--- EXTRACTED ENTRIES ---

__________________________________________________

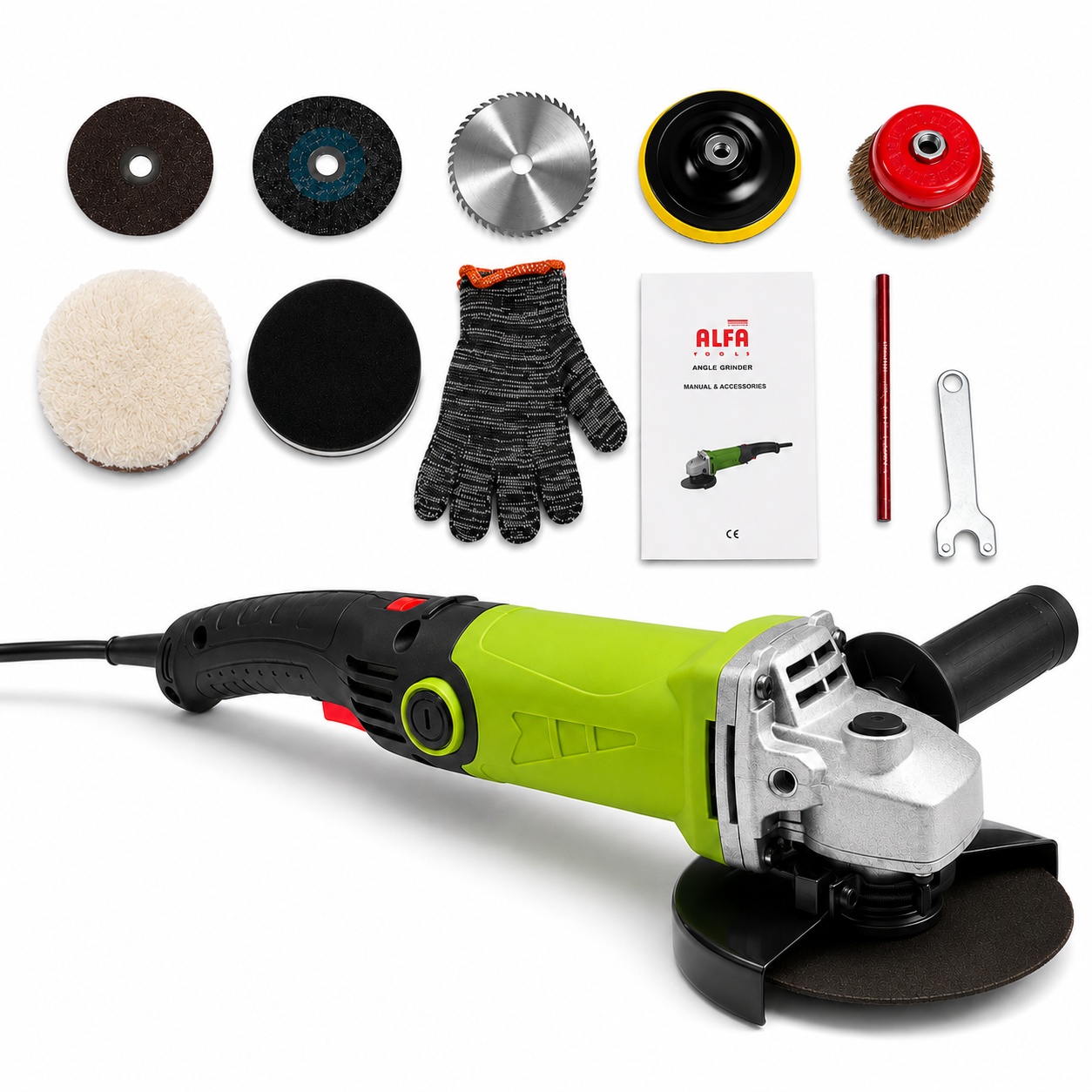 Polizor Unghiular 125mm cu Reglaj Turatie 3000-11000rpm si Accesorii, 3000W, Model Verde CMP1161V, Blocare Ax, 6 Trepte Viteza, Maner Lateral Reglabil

__________________________________________________

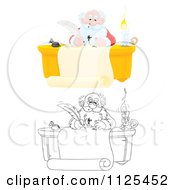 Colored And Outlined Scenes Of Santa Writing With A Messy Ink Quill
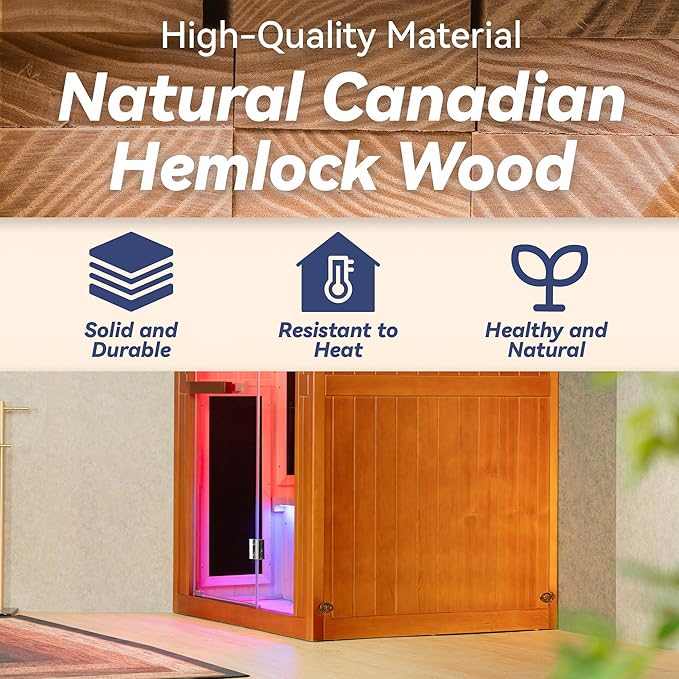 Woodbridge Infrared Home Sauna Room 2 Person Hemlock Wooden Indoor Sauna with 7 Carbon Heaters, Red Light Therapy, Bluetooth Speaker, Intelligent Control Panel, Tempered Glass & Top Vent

__________________________________________________

--- EXERCISE OBJECTIVE ---
Return exactly the stretch above whose first line contains "Colored And Outlined" and whose last line contains "Woodbridge Infrared Home", and nothing outside it. The pictures should not appear.

--- REPLY TO THE EXERCISE ---
 Colored And Outlined Scenes Of Santa Writing With A Messy Ink Quill
 Woodbridge Infrared Home Sauna Room 2 Person Hemlock Wooden Indoor Sauna with 7 Carbon Heaters, Red Light Therapy, Bluetooth Speaker, Intelligent Control Panel, Tempered Glass & Top Vent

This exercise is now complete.